==== Extracted entries ====

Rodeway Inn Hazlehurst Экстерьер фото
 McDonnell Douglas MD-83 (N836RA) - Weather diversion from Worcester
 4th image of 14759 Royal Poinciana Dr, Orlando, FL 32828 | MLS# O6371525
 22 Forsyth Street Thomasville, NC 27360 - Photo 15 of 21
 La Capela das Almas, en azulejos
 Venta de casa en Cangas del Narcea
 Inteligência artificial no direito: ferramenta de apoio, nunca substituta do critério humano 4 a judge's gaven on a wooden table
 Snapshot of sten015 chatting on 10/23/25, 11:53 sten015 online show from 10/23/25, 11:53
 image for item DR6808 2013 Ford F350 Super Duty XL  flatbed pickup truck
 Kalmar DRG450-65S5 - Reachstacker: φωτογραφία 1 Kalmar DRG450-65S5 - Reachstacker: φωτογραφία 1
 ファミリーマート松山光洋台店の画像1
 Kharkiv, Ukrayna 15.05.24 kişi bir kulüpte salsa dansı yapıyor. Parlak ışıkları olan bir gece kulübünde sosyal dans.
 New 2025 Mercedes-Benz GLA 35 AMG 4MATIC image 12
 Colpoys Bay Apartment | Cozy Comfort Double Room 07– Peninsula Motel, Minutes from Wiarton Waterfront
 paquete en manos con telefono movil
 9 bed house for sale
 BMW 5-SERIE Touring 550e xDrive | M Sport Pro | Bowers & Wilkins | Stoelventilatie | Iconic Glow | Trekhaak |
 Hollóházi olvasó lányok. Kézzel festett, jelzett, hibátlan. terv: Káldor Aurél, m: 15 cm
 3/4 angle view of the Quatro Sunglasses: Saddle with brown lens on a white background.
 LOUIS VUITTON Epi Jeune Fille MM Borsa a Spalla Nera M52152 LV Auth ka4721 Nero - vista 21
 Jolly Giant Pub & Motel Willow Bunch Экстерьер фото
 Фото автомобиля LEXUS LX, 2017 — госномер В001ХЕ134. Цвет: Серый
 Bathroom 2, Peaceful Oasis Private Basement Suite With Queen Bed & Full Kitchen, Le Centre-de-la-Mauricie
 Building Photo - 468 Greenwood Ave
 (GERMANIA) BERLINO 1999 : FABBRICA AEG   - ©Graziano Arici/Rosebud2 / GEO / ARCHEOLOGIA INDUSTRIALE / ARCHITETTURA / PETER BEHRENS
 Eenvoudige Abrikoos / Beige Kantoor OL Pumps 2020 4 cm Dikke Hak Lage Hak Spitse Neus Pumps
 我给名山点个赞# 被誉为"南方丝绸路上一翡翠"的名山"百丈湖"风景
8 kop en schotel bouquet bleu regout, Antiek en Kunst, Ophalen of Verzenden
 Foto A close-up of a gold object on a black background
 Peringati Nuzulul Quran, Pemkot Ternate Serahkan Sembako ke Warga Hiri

====

Among the lines of the material, find those holding the word "background" and return them.

=== Output for this task ===
 3/4 angle view of the Quatro Sunglasses: Saddle with brown lens on a white background.
 Foto A close-up of a gold object on a black background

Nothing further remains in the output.